Both the Position and Rebuttal Statements are critical documents in your case. They contain statements made by the respective party that can later be used for cross-examination or impeachment purposes during a deposition. Scrutinizing these documents for both factual and legal inaccuracies is important or you risk subjecting your case to vulnerabilities down the road.

Once all of the documentation and statements have been submitted, the investigator will holistically review the case and reach a conclusion as to whether or not there is a reasonable probability that discrimination occurred.  The investigator will circulate to the parties a “Dismissal and Notice of Rights” letter indicating its conclusion. 

Once the Dismissal and Notice of Rights is issued, then the Charging Party is granted ninety days to draft and file a lawsuit in the appropriate jurisdiction. 




The mediation stage occurs only where both the parties and the EEOC opt in and agree to a mediate the case.  The EEOC offers the mediation stage as a meaningful opportunity for the parties to discuss factual issues, remedies, and to evaluate whether the parties are able to reach a resolution on the case. 

Mediations can be milestones of the case and proper preparation is the catalyst to a fruitful and productive session.  It is important to have a thorough understanding of the facts and evidence as well as a mastery of the law and damages implicated in your case.  Preparation for the mediation not only shows the mediator that you are invested in your case but also will help you convey all of the nuances of fact and law.  This aids the mediator’s understanding and position when they engage with the other side.

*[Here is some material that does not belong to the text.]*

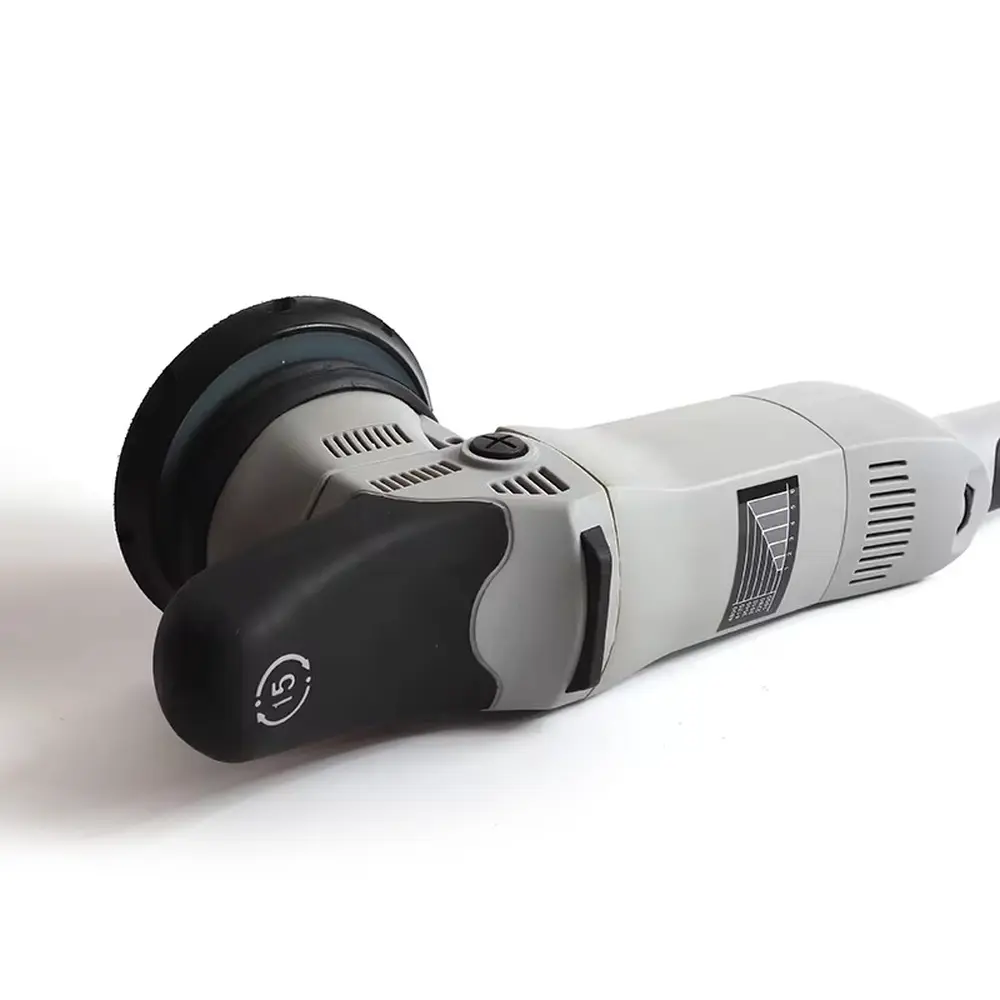 G-Polish Ekscentrična polirka fi 150/125 mm - ekscentar 21/15 mm - 810 W - Image 5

The mediator is a “neutral” in the mediation which means they do not represent your interests. These are professional and affable individuals who are learned in the law, but they are working towards only one thing: resolving the case. This does not always fall in your best interest. Having the Workers’ Rights Law Group in your corner ensures that you have a personal advocate, one well-versed in the facts and the applicable laws, at the mediation fighting to zealously protect your rights.

In the course of the mediation, both sides will engage with the mediator and discuss every component of your case from the facts and evidence to the defenses and damages.  This is an arduous procedure and often lasts an entire day.  In some cases, mediation only serves to bring the parties closer together in their demands and negotiations subsequently continue for days or weeks after the fact.

Mediations are like marathons and with that comes fatigue towards the day’s end. The attorneys at the Workers’ Rights Law Group have mediated countless cases and will ensure that your rights are protected throughout the entirety of the mediation.

If the parties are able to reach terms satisfactory to both sides, then the mediation is a success.  The case will stop progressing through the EEOC and agreements will be circulated in accordance with the terms.  If the mediation is ultimately unsuccessful, however, your case will be transferred to the Investigation Stage and will adhere closely to the sequence delineated above.